We applied a two-step verticalization of the diagram following the procedure used to derive the chromosome maps of GCs. In the first step, we normalize the colors so that lines 1–9 are transformed into vertical lines. To achieve this, we adapt Eq. (1) from Milone et al. (2025) to each region (R_i, i = 1–8) and derived the quantities

$$\begin{array}{c}\hfill {\delta }_{F606W,F322W2}^i=\{\begin{array}{c}{W}_i\frac{X-X_{\mathrm{line}i}}{X_{\mathrm{line}i}-X_{\mathrm{line}i+1}}+{\displaystyle {\sum }_{j=1}^{i-1}}{W}_j\text{if}X\in R_i,\hfill \\ 0\text{else}\hfill \end{array}\end{array}$$(4)

where X = m_F606W − m_F322W2, and W_i is the color separation between lines i + 1 and i, measured at m_F322W2 = 23.5 mag.

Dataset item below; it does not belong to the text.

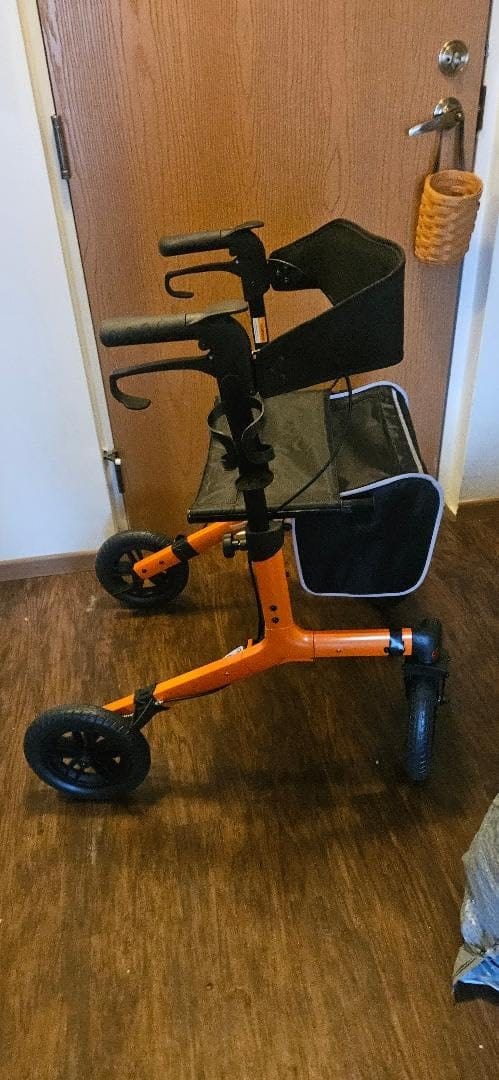 Customer photo review of KLD-9212 All Terrain Dual-Brake Rollator Walker 12" Wheels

We then combined these quantities to define the pseudo-color

$$\begin{array}{c}\hfill {\mathrm{\Delta }}_{F606W,F322W2}^{\mathrm{Bin}}={\displaystyle \sum _{i=1}^8}{\delta }_{F606W,F322W2.}^i\end{array}$$(5)

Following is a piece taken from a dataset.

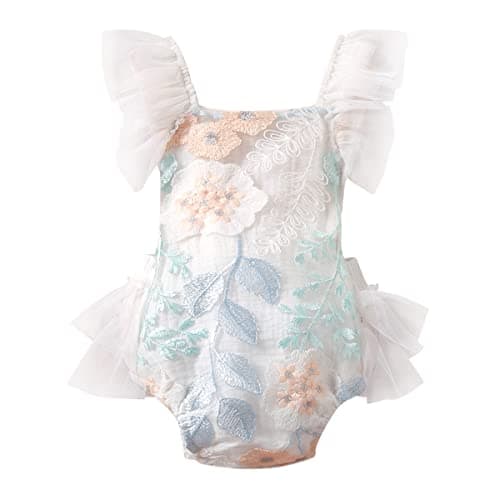 IMEKIS Baby Girls Boho Lace Romper Dress Newborn Outfits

In the second step, verticalization is performed in magnitude. Specifically, for each region, we define the quantity

$$\begin{array}{c}\hfill {\mathrm{\Delta }}_{F322W2}=W_y\frac{Y-Y_{\mathrm{top}\mathrm{line},i}}{Y_{\mathrm{top}\mathrm{line},i}-Y_{\mathrm{bottom}\mathrm{line},i}},\end{array}$$(6)

where Y = m_F322W2, and W_y denotes the magnitude interval of region R₁. The top line corresponds to the red top line from m_F322W2 = 22.5 in region R₁, to the segment with m_F322W2 = 22.5 − 0.75 in region R₈, tracing binaries whose primary star has m_F322W2 = 22.5 and mass ratios between 0.3 and 1.0 in the remaining regions. The red bottom line is defined analogously, but for m_F322W2 = 24.4.

The resulting Δ_F322W2 versus ${\mathrm{\Delta }}_{F606W,F322W2}^{\mathrm{Bin}}$ binary map is shown in the left panel of Fig. 7, together with the Δ_{F606W, F322W2} histogram. The majority of stars lie within the region 1–2, but a well-populated tail extends into regions 3–8, confirming that Boötes I hosts a significant fraction of binaries with q > 0.4.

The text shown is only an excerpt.